The records that follow are to be repeated exactly, without any pictures.

Stored items:
+---+

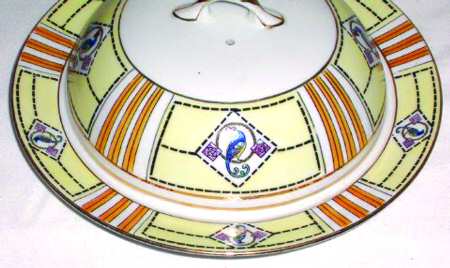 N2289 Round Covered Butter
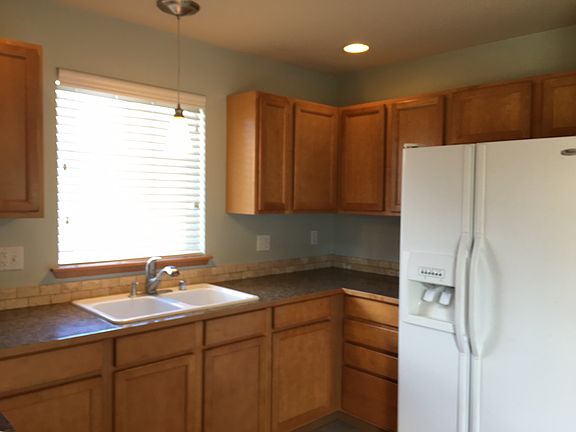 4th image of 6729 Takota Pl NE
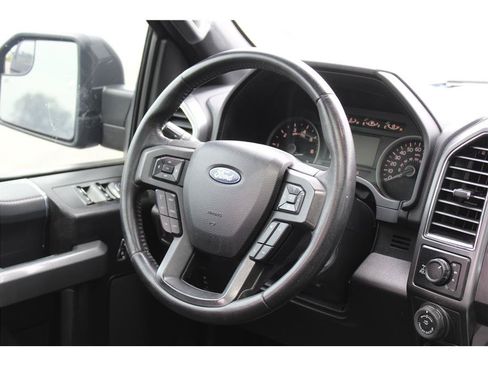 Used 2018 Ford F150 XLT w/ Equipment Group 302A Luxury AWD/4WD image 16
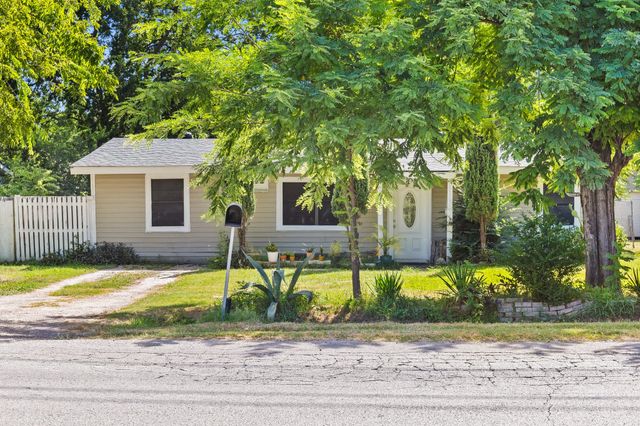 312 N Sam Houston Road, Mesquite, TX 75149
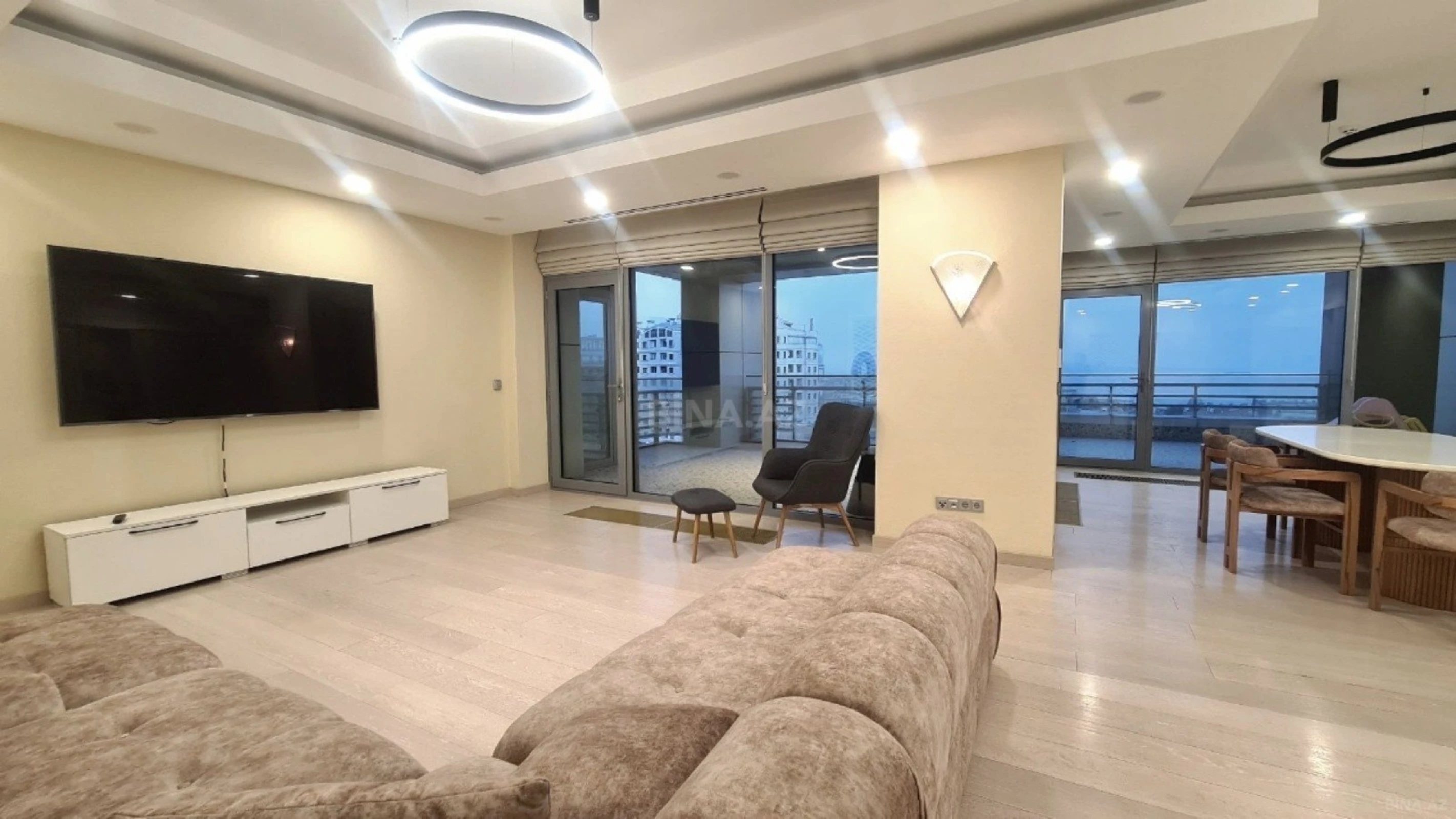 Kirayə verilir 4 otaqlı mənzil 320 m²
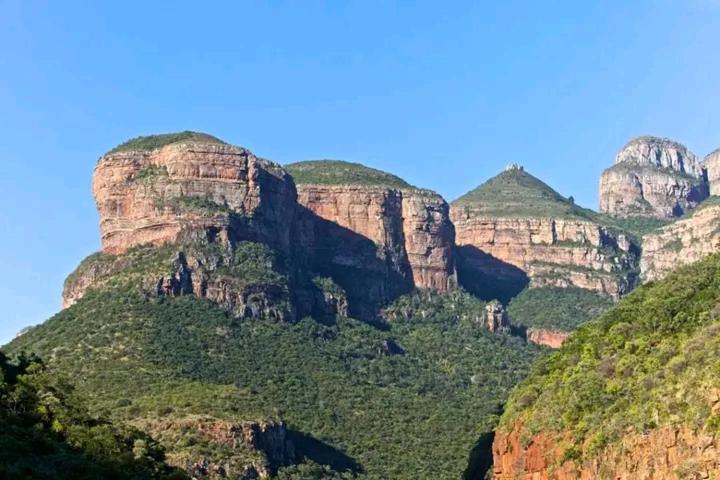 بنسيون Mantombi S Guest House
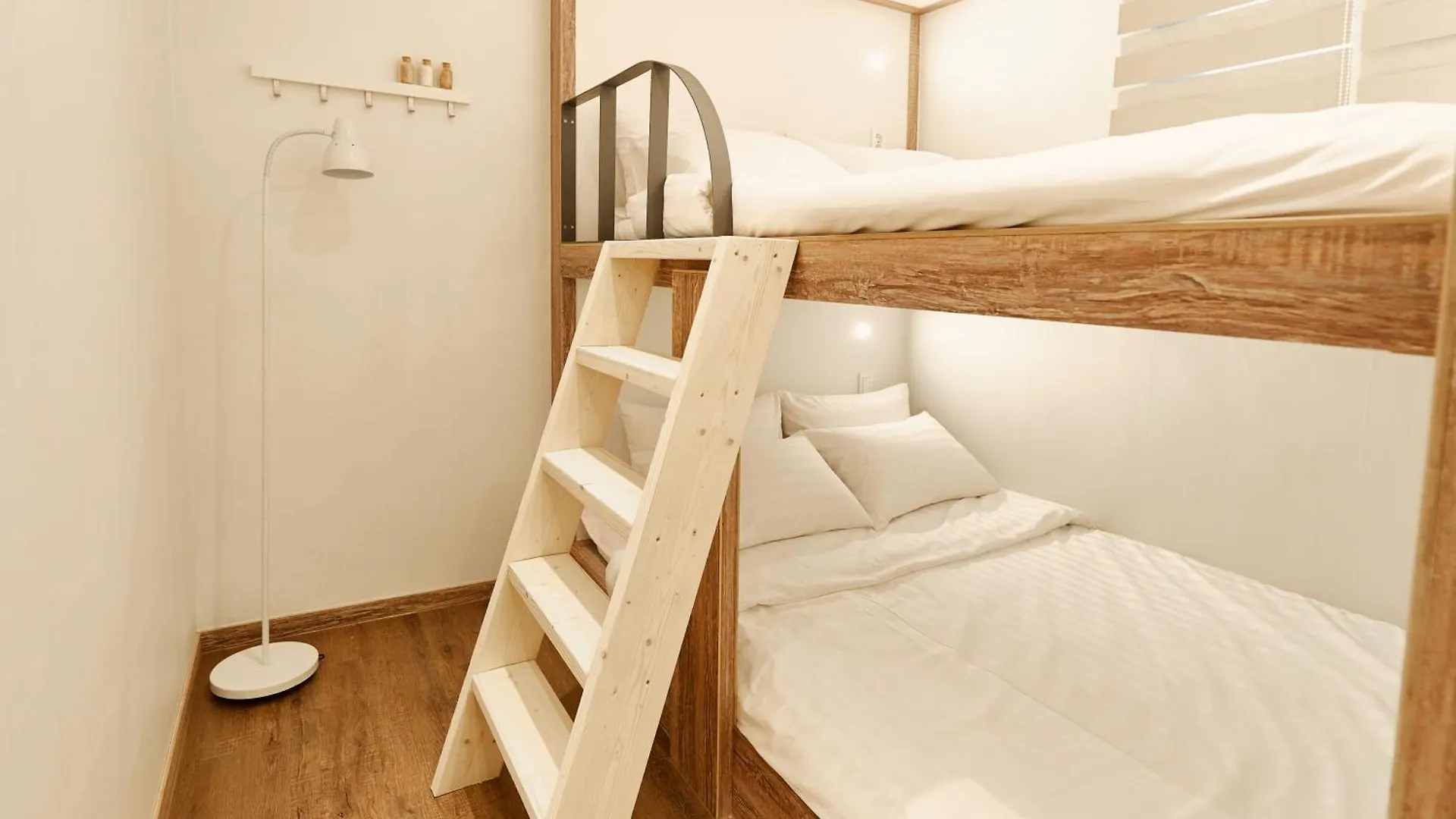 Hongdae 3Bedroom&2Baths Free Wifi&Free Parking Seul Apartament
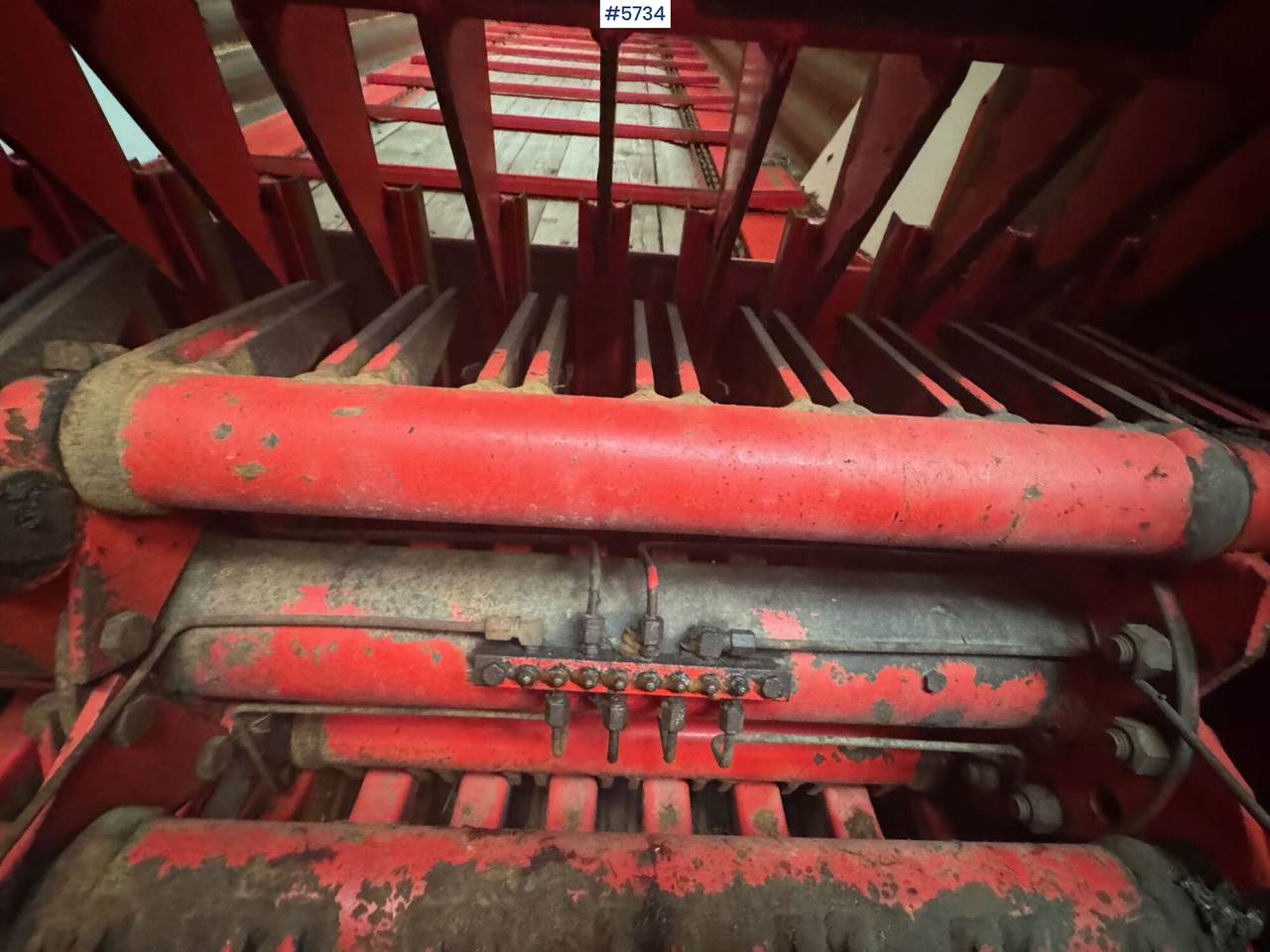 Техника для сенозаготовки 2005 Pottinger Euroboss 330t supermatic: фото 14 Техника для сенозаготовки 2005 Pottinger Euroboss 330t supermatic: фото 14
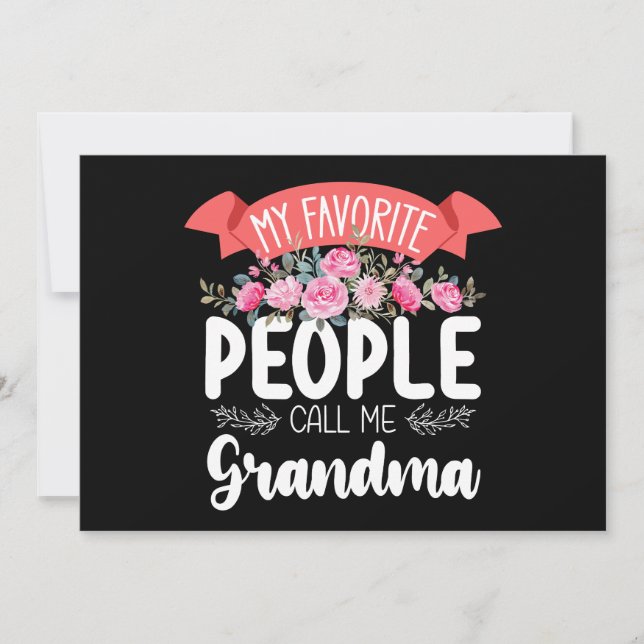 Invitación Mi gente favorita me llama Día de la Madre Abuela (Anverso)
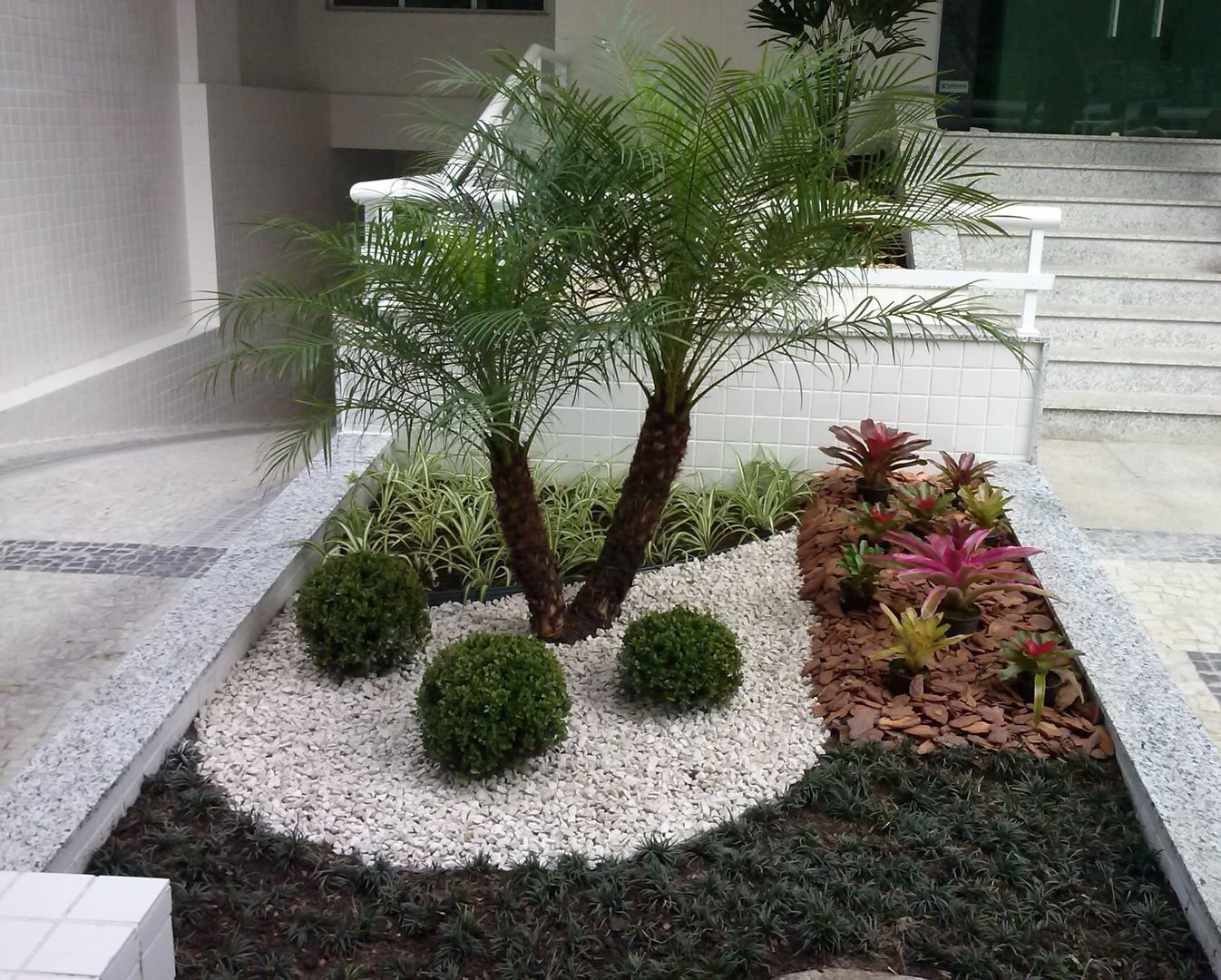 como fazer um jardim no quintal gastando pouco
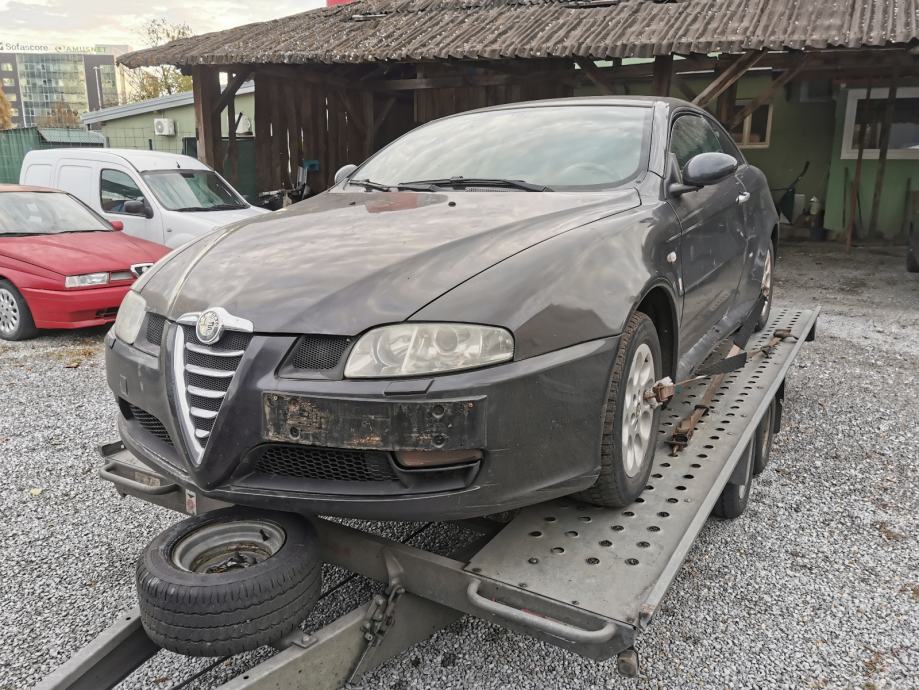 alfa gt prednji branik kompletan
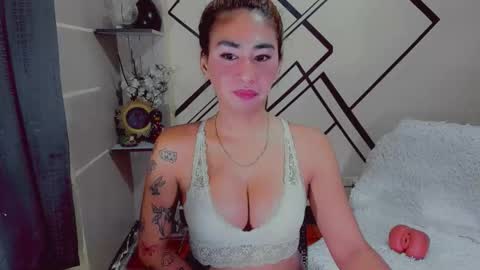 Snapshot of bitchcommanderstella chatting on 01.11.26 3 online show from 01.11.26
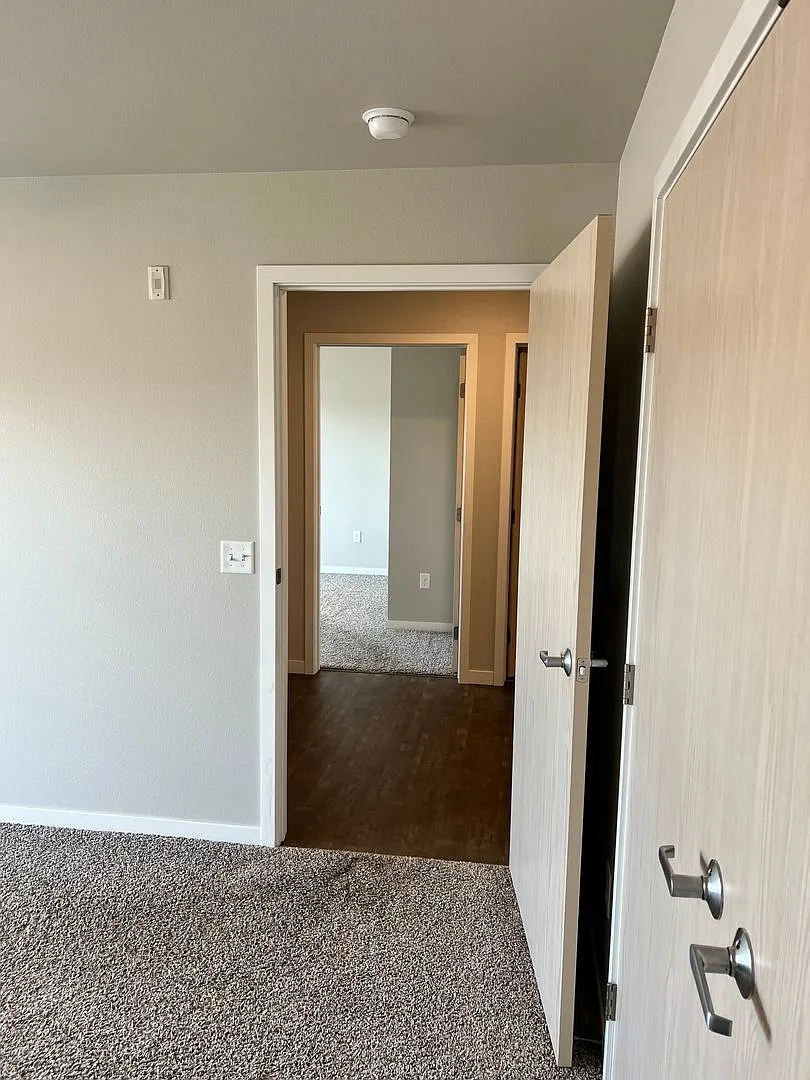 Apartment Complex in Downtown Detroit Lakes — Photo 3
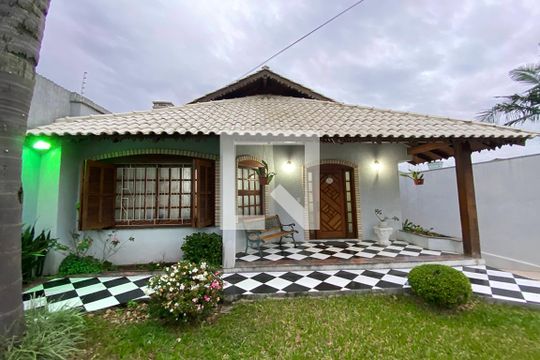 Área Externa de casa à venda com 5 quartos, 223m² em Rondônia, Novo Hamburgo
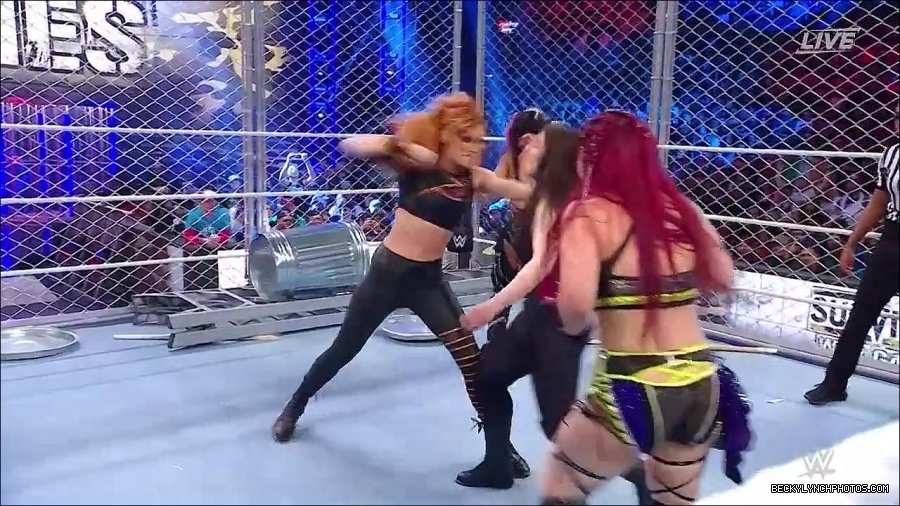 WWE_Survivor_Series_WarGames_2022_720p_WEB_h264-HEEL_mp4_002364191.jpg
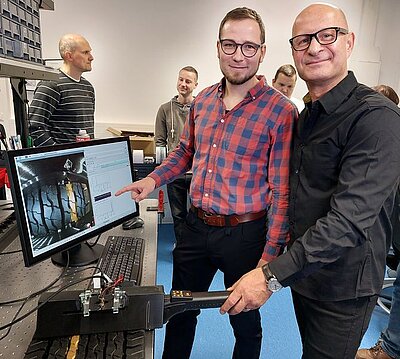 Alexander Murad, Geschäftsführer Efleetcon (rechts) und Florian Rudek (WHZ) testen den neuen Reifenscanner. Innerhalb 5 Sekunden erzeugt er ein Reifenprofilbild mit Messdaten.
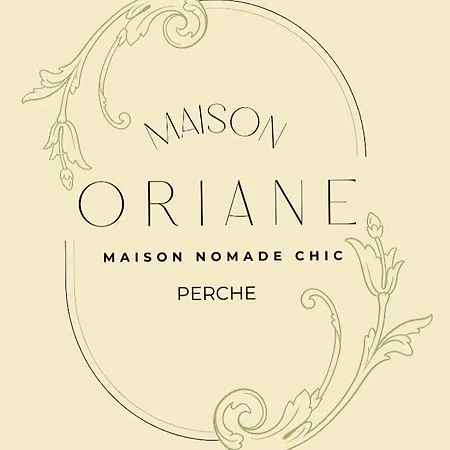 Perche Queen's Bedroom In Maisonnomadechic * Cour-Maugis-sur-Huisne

+---+

OUTPUT FOR THIS EXERCISE —
 N2289 Round Covered Butter
 4th image of 6729 Takota Pl NE
 Used 2018 Ford F150 XLT w/ Equipment Group 302A Luxury AWD/4WD image 16
 312 N Sam Houston Road, Mesquite, TX 75149
 Kirayə verilir 4 otaqlı mənzil 320 m²
 بنسيون Mantombi S Guest House
 Hongdae 3Bedroom&2Baths Free Wifi&Free Parking Seul Apartament
 Техника для сенозаготовки 2005 Pottinger Euroboss 330t supermatic: фото 14 Техника для сенозаготовки 2005 Pottinger Euroboss 330t supermatic: фото 14
 Invitación Mi gente favorita me llama Día de la Madre Abuela (Anverso)
 como fazer um jardim no quintal gastando pouco
 alfa gt prednji branik kompletan
 Snapshot of bitchcommanderstella chatting on 01.11.26 3 online show from 01.11.26
 Apartment Complex in Downtown Detroit Lakes — Photo 3
 Área Externa de casa à venda com 5 quartos, 223m² em Rondônia, Novo Hamburgo
 WWE_Survivor_Series_WarGames_2022_720p_WEB_h264-HEEL_mp4_002364191.jpg
 Alexander Murad, Geschäftsführer Efleetcon (rechts) und Florian Rudek (WHZ) testen den neuen Reifenscanner. Innerhalb 5 Sekunden erzeugt er ein Reifenprofilbild mit Messdaten.
 Perche Queen's Bedroom In Maisonnomadechic * Cour-Maugis-sur-Huisne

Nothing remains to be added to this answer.